In case you haven’t had a chance to read his Energy Plan, here are the key points:
- Provide short term relief to American families facing pain at the pump
- Help create five million new jobs by strategically investing $150 billion over the next ten years to catalyze private efforts to build a clean energy future.
- Within 10 years save more oil than we currently import from the Middle East and Venezuela combined
- Put 1 million Plug In Hybrid cars – cars that can get up to 150 miles per gallon – on the road by 2015, cars that we will work to make sure are built here in America
- Ensure 10 percent of our electricity comes from renewable sources by 2012, and 25 percent by 2025
- Implement an economy wide cap and trade program to reduce greenhouse gas emissions 80 percent by 2050
I would like to focus on his renewable energy implementation targets. Currently, non-hydro renewables make up 6% of this country’s energy production (From the Renewable Energy Data Book). Including hydro power, this number becomes 9%. While it is not clear what he defines as “renewable sources”, his goal of 10% by 2012 is well within reach. It will be increasingly difficult, however, to reach his 25% by 2025 goal.

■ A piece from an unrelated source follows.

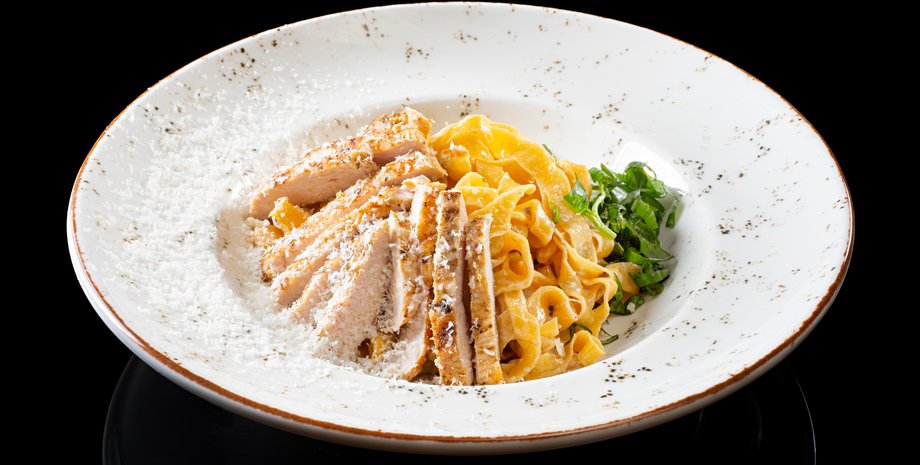 Chicken-паста, спагетті з куркою, італійська кухня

There are still many unanswered questions on how he plans to acheive these goals. My hope is, that as he begins the process of setting up programs and reforming legislation, that he follows a more sustainable path of supporting smaller, community based projects. It would be all too easy to put up a few giant wind farms in the midwest to boost the installed capacity and ignore the smaller behind the meter projects. While the big centralized projects are an important way of avoiding large fossil fuel powerplants, they will become less and less important in our energy infrastructure as renewable energy becomes more accessible to the masses.
It is clear that President Obama has a strong vision of what direction this country should move in. I hope that he sees the opportunity for developing and promoting distributed energy generation in his Energy Plan.